MinIO is high-performance, S3-compatible object storage software designed for self-hosted, on-premise, and private-cloud deployments. OurClone connects to any reachable MinIO server for sync, transfer, encrypted backup, and mount workflows.
Official website: https://min.io/
- Self-hosted, S3-compatible object storage suitable for on-premise or private-cloud deployments.
- Connects with Access Key + Secret Key issued by the MinIO server (root or IAM user).
- Useful as a private destination for OurClone encrypted backup repositories.
What OurClone Supports for MinIO
| Operation | How it works in OurClone |
|---|---|
| Sync | Keep a folder on MinIO synchronized with another cloud storage account or a local folder. OurClone compares file changes and updates only what needs to change. |
| Transfer | Copy or move files between MinIO, your Mac, and other connected cloud providers. Transfers run through your local computer, so you stay in control of the data path. |
| Backup | Create an encrypted backup repository on MinIO, then save snapshots of local folders. Later snapshots are incremental, so unchanged files do not need to be uploaded again. |
| Mount | Mount MinIO as a local directory in macOS or Windows, then browse and manage remote files from the operating system file manager. |
MinIO Upload and Download Limits
These limits come from the storage provider or protocol, not from OurClone. OurClone still has to respect provider file-size caps, API quotas, bandwidth rules, account storage quota, and server-side throttling.
| Upload limits | MinIO supports S3-style multipart uploads, typically 5 MiB to 5 GiB part size with up to 10,000 parts per object, and individual objects up to 5 TiB. Practical caps are set by the operator’s hardware, free disk space, and any policy limits applied to the user. |
| Download limits | Downloads are limited by the MinIO server’s bandwidth, replication policy, and per-user rate limits rather than a small per-download cap. Public access depends on the bucket policy configured by the operator. |
| OurClone tip | Confirm the MinIO server’s TLS endpoint, free capacity, and the user’s policy with the operator before scheduling large OurClone jobs. |
Source: MinIO documentation
How to Add MinIO in OurClone
MinIO connects through S3-compatible access keys in OurClone.
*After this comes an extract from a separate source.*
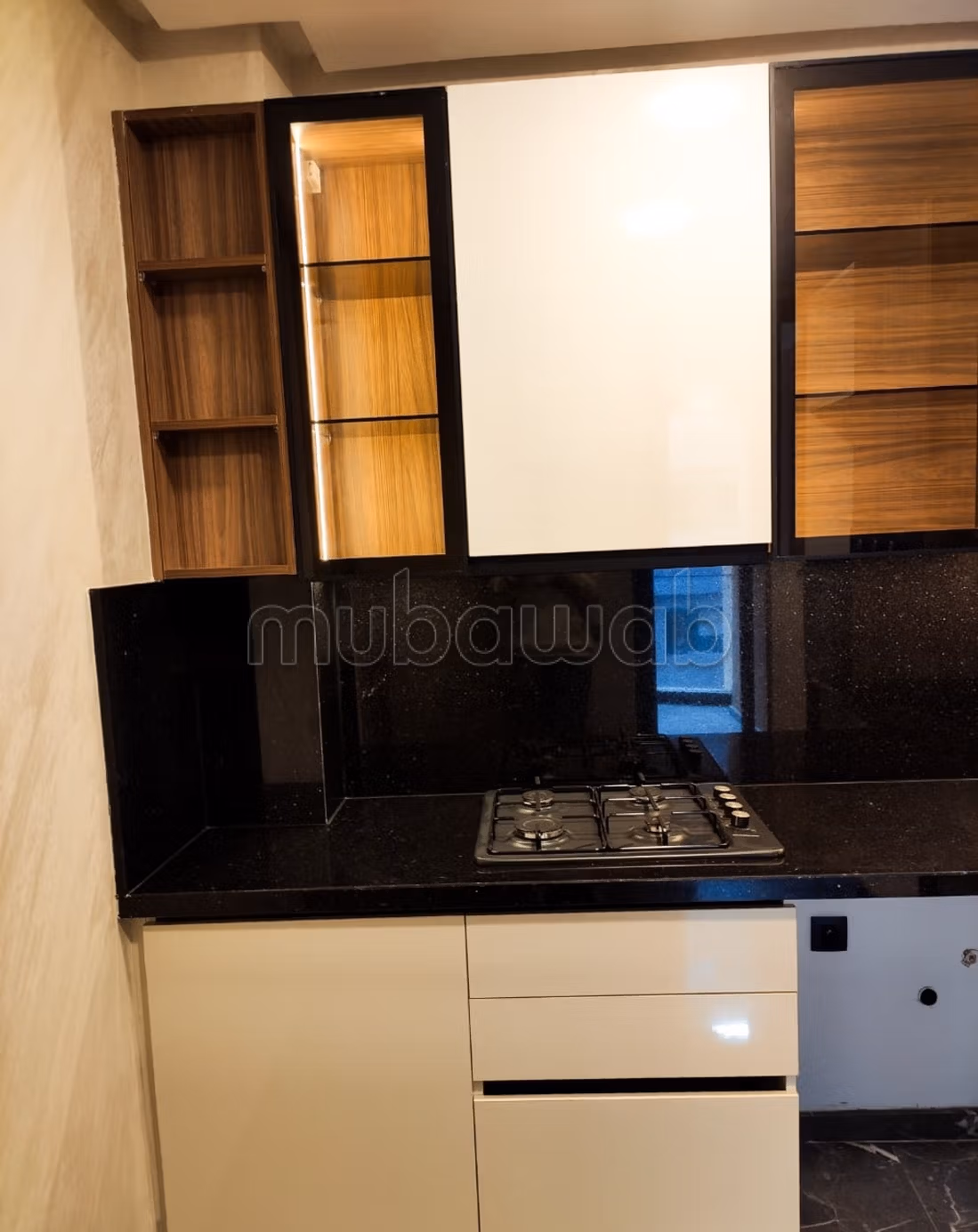 Appartement 70 m² f Route Casablanca — 19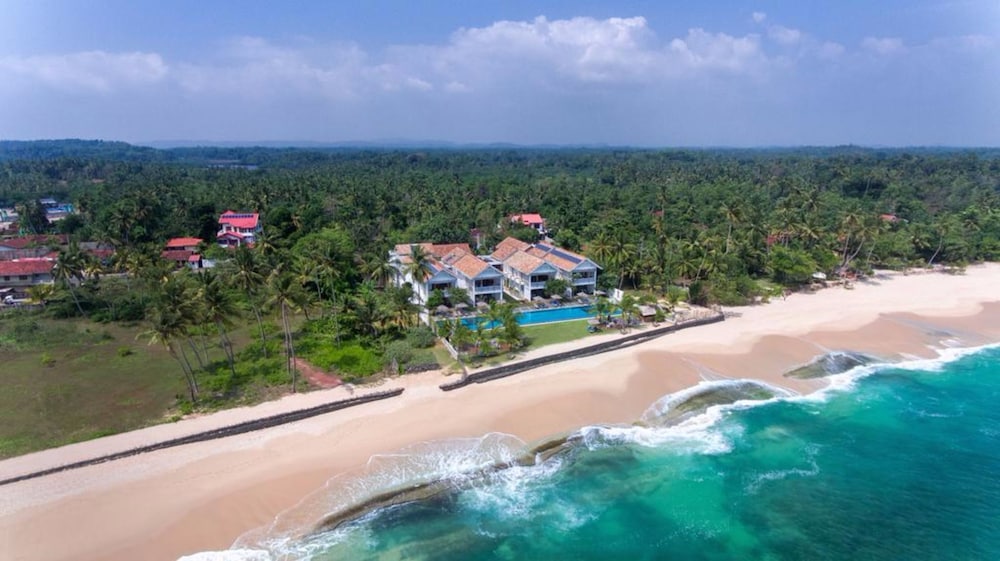 Sri Sharavi Beach Villas and Spa 55/63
- Ask your MinIO operator (or use
mc admin user add) for a non-root user with an Access Key and Secret Key, plus the policy needed for the bucket. - Note the MinIO endpoint URL (for example
https://minio.example.com:9000) and the bucket name OurClone should use. - Confirm any region string the deployment expects; many MinIO setups use
us-east-1as a placeholder. - Open OurClone, click Add Storage, select MinIO (or S3 Compatible), enter the endpoint, credentials, region, and bucket, then connect.
Sync and Transfer Workflow
After MinIO is connected, open the Migrate area in OurClone. Choose MinIO as the source or destination, select the folders you want to work with, then choose the task mode.
- Copy duplicates files while keeping the source unchanged.
- Move transfers files and removes them from the source after completion.
- Sync keeps the destination aligned with the source folder.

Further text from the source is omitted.